26.10.11

What’s the Value of a Statistical Life?

What’s the Value of a Statistical Life?
Rebecca Goldin Ph.D and Cindy Merrick, June 27, 2011
To Oscar Wilde, a cynic knows the price of everything but the value of nothing; but when it comes to regulation, statisticians understand that we all have our price.

cellphone cancer riskRecently, The New York Times covered a story about the value of life – the statistical value, that is (also known by the acronym VSL). This is the value that government agencies use to evaluate the importance of regulation or legislation. It is the “official” value that your life is worth to the agency. President Obama has recently increased this value across agencies, according to the Times. But the variety of VSL estimates across agencies (and by different economists and statisticians), as well as the political nature of the value itself, makes one wonder – where do these values come from, and what are they good for anyway?

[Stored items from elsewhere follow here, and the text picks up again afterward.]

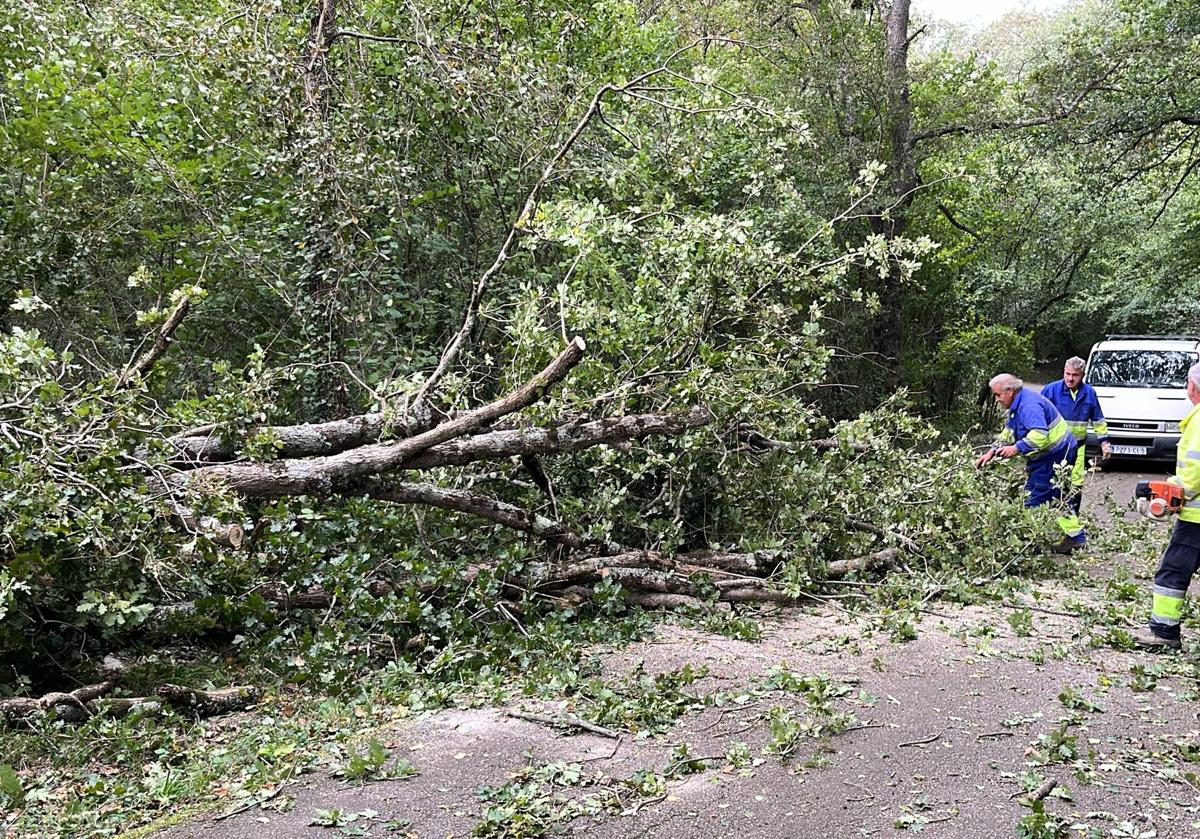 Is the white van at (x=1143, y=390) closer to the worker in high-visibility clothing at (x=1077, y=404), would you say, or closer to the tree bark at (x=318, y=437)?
the worker in high-visibility clothing at (x=1077, y=404)

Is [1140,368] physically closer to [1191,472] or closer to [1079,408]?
[1079,408]

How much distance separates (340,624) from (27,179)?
17.8 ft

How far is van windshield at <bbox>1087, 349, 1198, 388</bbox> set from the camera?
42.6 feet

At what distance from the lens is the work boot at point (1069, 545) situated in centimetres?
771

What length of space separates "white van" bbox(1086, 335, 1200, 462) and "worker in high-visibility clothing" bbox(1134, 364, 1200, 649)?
266 inches

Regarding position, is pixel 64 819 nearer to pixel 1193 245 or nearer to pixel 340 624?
pixel 340 624

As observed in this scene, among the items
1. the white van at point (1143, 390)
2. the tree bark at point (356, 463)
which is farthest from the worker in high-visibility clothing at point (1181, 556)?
the white van at point (1143, 390)

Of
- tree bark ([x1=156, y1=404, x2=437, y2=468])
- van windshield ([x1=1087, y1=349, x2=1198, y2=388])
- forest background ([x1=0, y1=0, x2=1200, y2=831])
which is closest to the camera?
forest background ([x1=0, y1=0, x2=1200, y2=831])

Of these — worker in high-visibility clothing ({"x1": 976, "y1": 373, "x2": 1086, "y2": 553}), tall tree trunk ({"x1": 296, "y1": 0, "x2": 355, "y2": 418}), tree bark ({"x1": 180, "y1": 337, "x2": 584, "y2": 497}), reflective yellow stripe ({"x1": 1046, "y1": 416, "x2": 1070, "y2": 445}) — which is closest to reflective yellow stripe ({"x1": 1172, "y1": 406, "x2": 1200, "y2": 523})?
worker in high-visibility clothing ({"x1": 976, "y1": 373, "x2": 1086, "y2": 553})

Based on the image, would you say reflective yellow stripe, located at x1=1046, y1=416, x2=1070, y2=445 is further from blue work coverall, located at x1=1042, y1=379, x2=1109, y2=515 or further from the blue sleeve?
blue work coverall, located at x1=1042, y1=379, x2=1109, y2=515

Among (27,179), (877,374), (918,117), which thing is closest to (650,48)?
(918,117)

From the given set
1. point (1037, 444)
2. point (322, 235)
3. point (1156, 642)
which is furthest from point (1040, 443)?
point (322, 235)

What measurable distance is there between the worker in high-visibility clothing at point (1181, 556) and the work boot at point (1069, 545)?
8.89 feet

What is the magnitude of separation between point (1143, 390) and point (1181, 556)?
913 cm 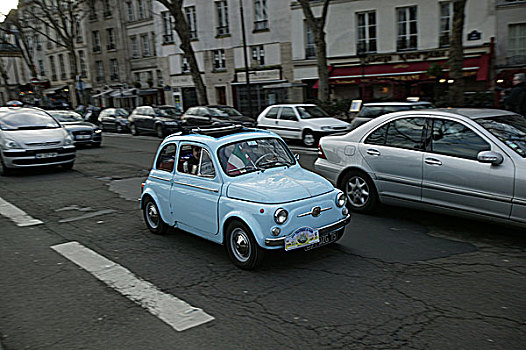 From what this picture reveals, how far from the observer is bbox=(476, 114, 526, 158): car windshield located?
6.02 meters

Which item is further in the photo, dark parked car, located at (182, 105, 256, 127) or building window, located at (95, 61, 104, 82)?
building window, located at (95, 61, 104, 82)

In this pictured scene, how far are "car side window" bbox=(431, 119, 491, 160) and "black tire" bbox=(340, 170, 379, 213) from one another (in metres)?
1.18

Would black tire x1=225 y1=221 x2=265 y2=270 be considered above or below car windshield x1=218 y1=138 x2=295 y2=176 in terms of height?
below

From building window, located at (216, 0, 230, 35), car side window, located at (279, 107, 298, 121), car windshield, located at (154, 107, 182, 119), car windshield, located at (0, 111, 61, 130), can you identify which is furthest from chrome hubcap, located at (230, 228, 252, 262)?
building window, located at (216, 0, 230, 35)

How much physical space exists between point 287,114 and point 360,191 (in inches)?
436

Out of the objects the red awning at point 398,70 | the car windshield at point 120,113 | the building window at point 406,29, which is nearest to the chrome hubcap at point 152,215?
the red awning at point 398,70

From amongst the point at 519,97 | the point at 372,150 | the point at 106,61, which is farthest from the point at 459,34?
the point at 106,61

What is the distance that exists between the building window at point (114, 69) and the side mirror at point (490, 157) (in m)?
46.7

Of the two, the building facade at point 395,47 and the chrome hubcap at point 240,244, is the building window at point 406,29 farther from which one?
the chrome hubcap at point 240,244

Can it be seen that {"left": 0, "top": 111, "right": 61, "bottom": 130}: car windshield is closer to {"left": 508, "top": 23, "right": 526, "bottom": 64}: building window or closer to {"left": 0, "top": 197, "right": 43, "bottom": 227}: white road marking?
{"left": 0, "top": 197, "right": 43, "bottom": 227}: white road marking

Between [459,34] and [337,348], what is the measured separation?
15.1 metres

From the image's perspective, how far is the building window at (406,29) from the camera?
27656 millimetres

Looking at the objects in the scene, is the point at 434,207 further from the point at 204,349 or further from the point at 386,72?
the point at 386,72

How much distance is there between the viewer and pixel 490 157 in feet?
19.3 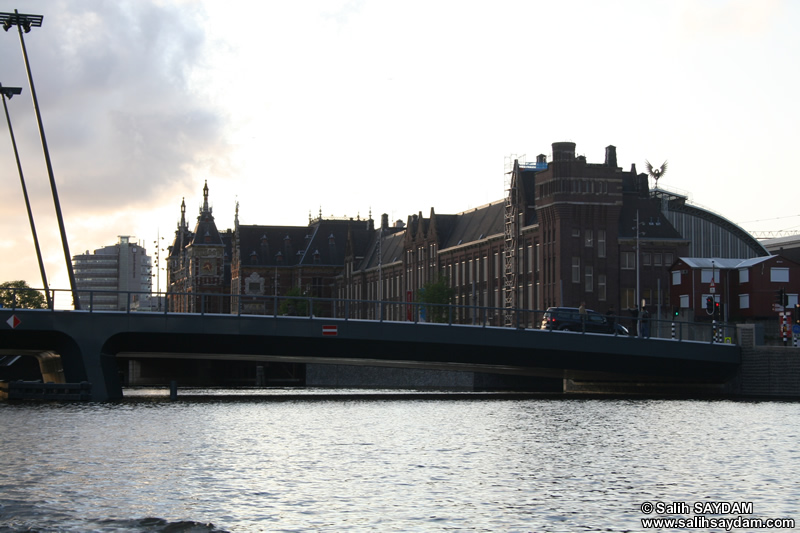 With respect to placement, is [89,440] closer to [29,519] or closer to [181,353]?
[29,519]

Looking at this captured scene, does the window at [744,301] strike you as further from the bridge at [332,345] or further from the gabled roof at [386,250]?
the gabled roof at [386,250]

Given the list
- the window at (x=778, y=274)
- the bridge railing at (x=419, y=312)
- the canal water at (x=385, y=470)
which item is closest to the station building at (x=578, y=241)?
the bridge railing at (x=419, y=312)

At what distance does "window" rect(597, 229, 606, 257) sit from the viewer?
359 feet

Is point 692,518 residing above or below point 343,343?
below

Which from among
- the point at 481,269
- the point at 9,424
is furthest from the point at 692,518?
the point at 481,269

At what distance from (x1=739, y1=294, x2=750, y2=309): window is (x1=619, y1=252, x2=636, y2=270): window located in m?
11.6

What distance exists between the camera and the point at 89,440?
3334 centimetres

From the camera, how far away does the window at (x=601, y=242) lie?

Suppose you are a legislator, and before you is a bill proposing that automakers be required to double the roof strength of new cars. According to the research cited, doubling the strength would save as many as 135 lives per year. Alternatively, for a smaller incremental gain in strength, you could save 44 lives. Knocking at your door are car manufacturers and autoworkers, claiming that new regulation would cost jobs, and consumer products advocates who claim that saving lives should be the priority.

How do you decide whether to sign the bill? Does the number of lives involved make a difference? Perhaps any increase in safely seems like a good idea – but such regulations are not without economic cost. Stricter standards typically mean greater expenses to manufacturers, which translate into higher costs for car buyers.

Would the answer be more obvious if the number of lives saved by double-strength roofs were 1,035 – or 10,035? What if only one life might be saved? Surely at play here is some sense of overall benefit/cost to society based on a value in units of human lives, however vague that unit value may be?

Presidents, legislators, economists, and business leaders have in recent decades sought methods which would make such cost-analyses precise: when is an investment, regulation or subsidy “worth it” in terms of human lives? For such a comparison, one needs a means of conversion, for turning the “apples-to-oranges” (dollars-to-lives) into “apples-to-apples” – or, in this case, dollars-to-dollars. Thus, if we somehow arrive at a dollar value to affix to each life cost by not strengthening car roofs, we can compare the cost of the regulation to the dollar “equivalent” of statistical lives saved. Such a dollar value on lives is known as the Value of a Statistical Life, or VSL.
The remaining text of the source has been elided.